THE PROBLEM >> The answer must be only the lines below from the one holding "Here, I am creating" down to the one holding "For more reliable abundance", ends included, printed exactly; please omit all pictures.

RECORDS TO USE >>
----------

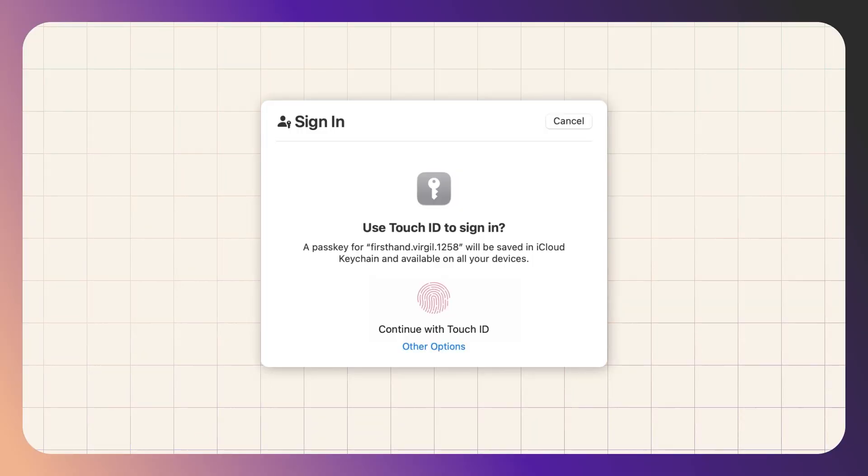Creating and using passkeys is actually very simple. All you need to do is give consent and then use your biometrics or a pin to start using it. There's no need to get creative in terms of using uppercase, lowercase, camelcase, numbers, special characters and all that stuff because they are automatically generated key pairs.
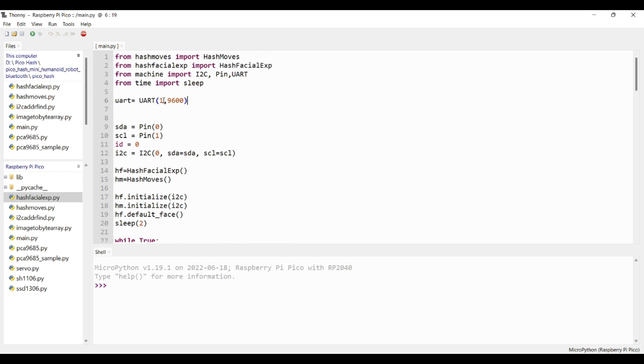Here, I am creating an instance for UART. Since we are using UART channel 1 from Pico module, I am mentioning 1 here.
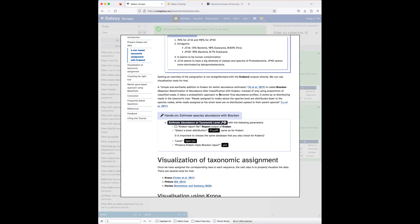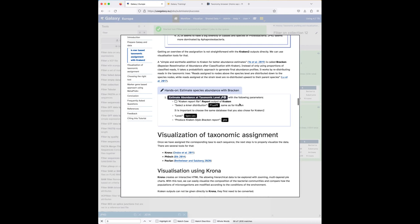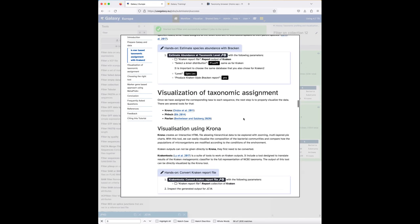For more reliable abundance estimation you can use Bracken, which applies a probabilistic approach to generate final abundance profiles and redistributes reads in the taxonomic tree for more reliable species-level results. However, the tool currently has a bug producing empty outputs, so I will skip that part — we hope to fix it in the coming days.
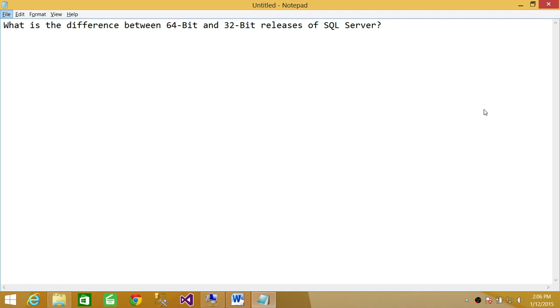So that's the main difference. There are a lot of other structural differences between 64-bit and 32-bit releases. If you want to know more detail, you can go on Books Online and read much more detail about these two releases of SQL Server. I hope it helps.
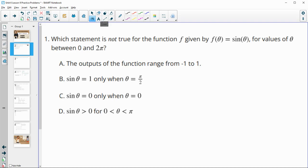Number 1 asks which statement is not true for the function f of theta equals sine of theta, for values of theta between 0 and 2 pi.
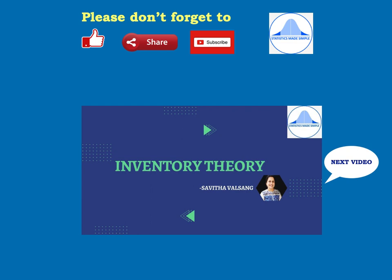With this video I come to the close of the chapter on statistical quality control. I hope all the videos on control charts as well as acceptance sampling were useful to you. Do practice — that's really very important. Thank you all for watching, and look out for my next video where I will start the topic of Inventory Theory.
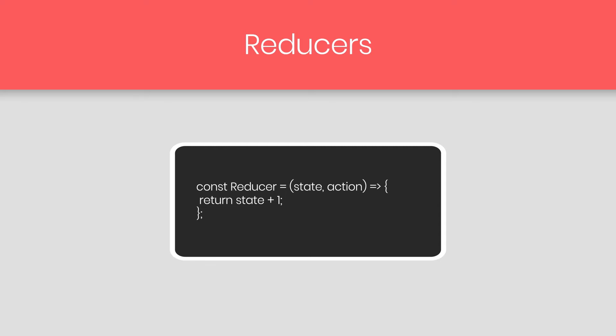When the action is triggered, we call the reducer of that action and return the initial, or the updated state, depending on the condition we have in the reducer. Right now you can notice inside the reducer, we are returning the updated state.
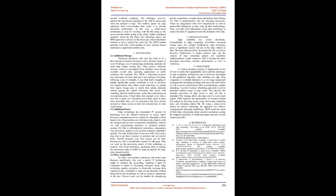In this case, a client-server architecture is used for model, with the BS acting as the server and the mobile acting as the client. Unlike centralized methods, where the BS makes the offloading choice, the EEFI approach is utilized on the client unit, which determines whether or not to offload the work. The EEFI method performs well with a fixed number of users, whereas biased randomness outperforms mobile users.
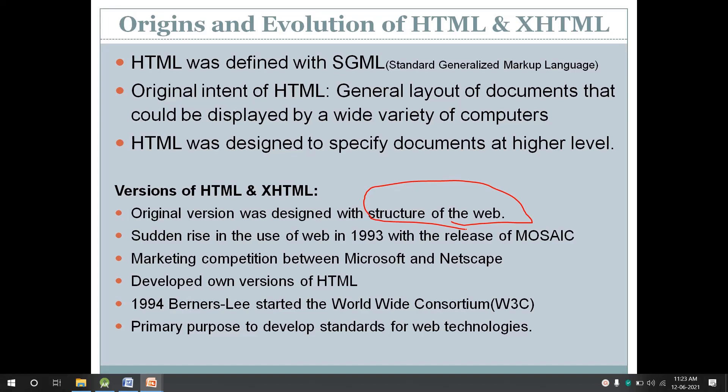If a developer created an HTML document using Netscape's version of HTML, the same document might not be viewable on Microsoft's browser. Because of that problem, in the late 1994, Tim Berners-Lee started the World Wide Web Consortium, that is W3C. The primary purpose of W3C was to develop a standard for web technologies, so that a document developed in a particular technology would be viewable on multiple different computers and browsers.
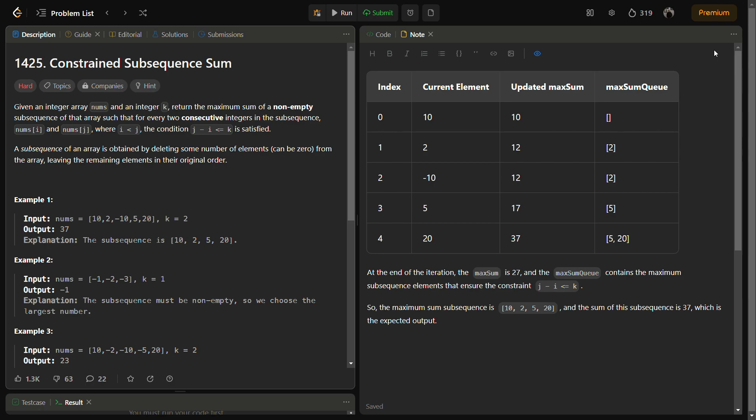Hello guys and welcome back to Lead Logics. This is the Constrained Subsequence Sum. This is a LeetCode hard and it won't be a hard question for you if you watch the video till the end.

----------

ANSWER FOR THE TASK >>
Here, I am creating an instance for UART. Since we are using UART channel 1 from Pico module, I am mentioning 1 here.
For more reliable abundance estimation you can use Bracken, which applies a probabilistic approach to generate final abundance profiles and redistributes reads in the taxonomic tree for more reliable species-level results. However, the tool currently has a bug producing empty outputs, so I will skip that part — we hope to fix it in the coming days.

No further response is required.